Jobless claims end year nicely under 500,000
U.S. Initial jobless claims fell a massive 94,000 to end the year at 492,000 last week. It was nice to see a sub 500,000 jobless claims number to end the year after an ugly November and December. However, one should note that the fine print is not as good because this number was completely dominated by seasonal adjustments. The actual unadjusted number of 718,468 was actually higher than last week’s actual unadjusted 716,576.
Here is how Reuters reports it.
The number of U.S. workers filing new claims for jobless benefits slumped 94,000 last week, government data on Wednesday showed, but seasonal factors were likely behind this unexpectedly large decline with the labor market remaining very soft.
Initial claims for state unemployment insurance benefits fell to a seasonally adjusted 492,000 in the week ended Dec 27 from an unrevised 586,000 the prior week, the Labor Department said. It was the lowest reading for initial claims since the week ended November 1, 2008, and the steepest decline since 1992.

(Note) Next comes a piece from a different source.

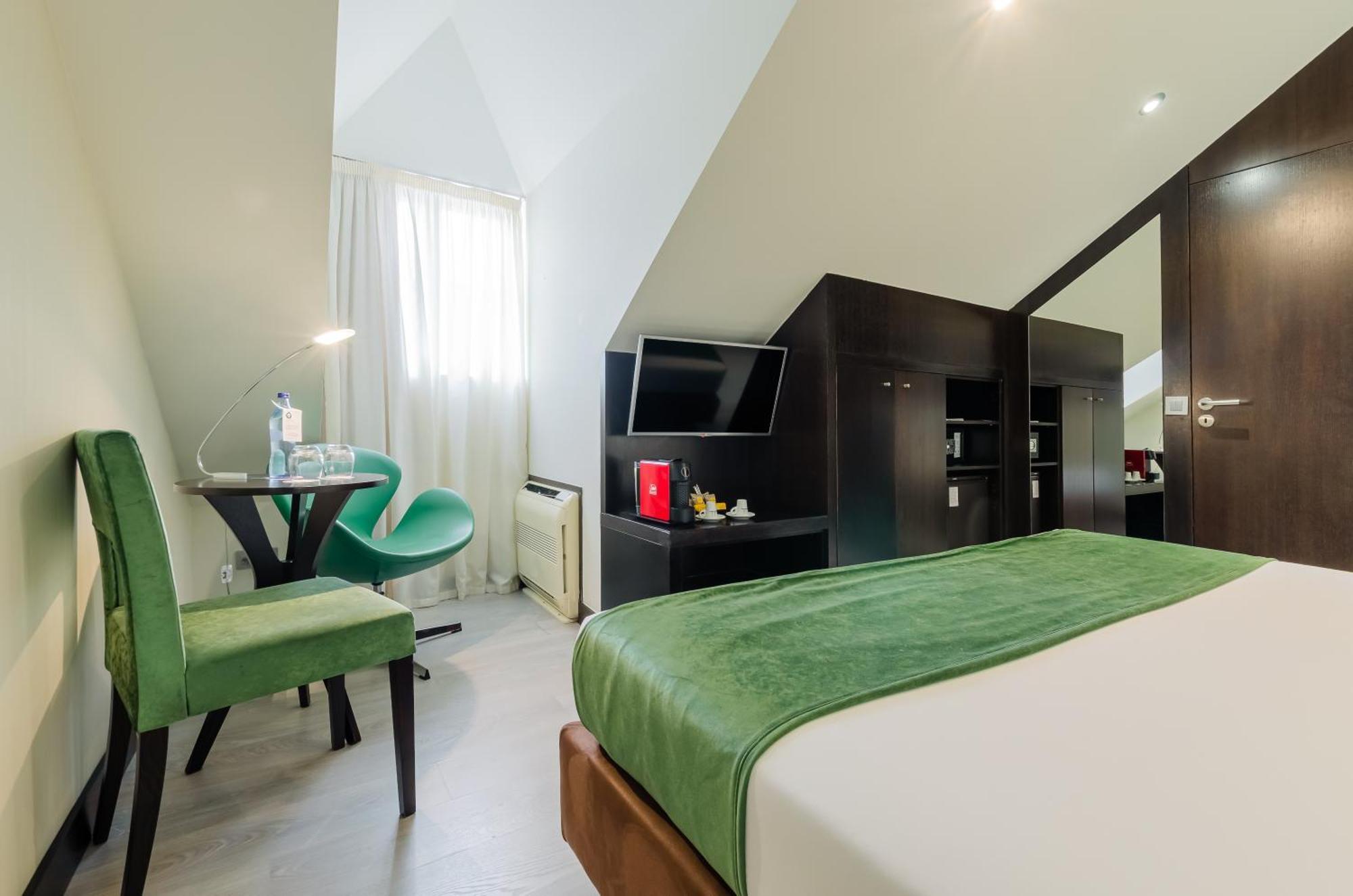 Mansard Double Room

Prices on U.S. government bond extended losses on the larger-than-expected drop in claims.
Analysts polled by Reuters had forecast 565,000 new claims as the country’s year-long recession continued to chill employment, and a separate reading on so-called continued claims hit a 26-year high.
A Labor Department official said the timing of the year-end holidays and volatility in factors used to seasonal adjust the data was likely to blame for the large decline in initial weekly claims, and he warned this situation could persist for several more weeks.

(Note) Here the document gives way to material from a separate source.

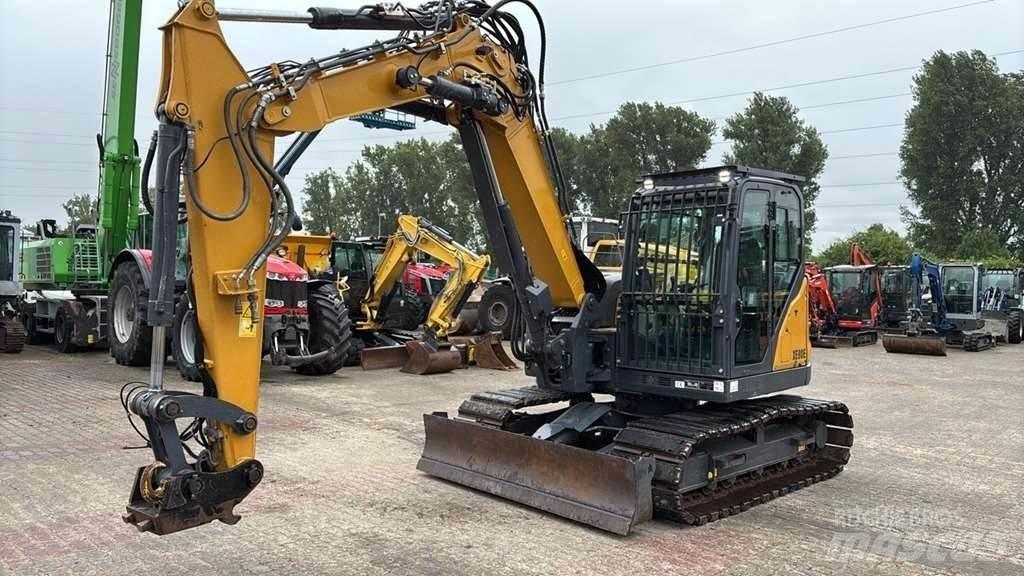 XCMG XE80E Mini excavators < 7t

“The numbers seemed unbelievable but the states certified they were correct,” the Labor Department official said.
The numbers are indeed unbelievable. Why? The seasonal adjustment factor for initial claims was 145.9, where 100 means the adjusted and unadjusted numbers are the same. That means taking the real number and dividing it by 1.459. That’s a huge adjustment.
If you look at the chart below, which strips out these anomalies by comparing the 4-week average unadjusted numbers to last years numbers, you can see that the comparisons are at their worst for this cycle.
The long and short of it is that the numbers are skewed by seasonal adjustments and do not represent the picture on the ground. In reality, the U.S. job market is looking bleak.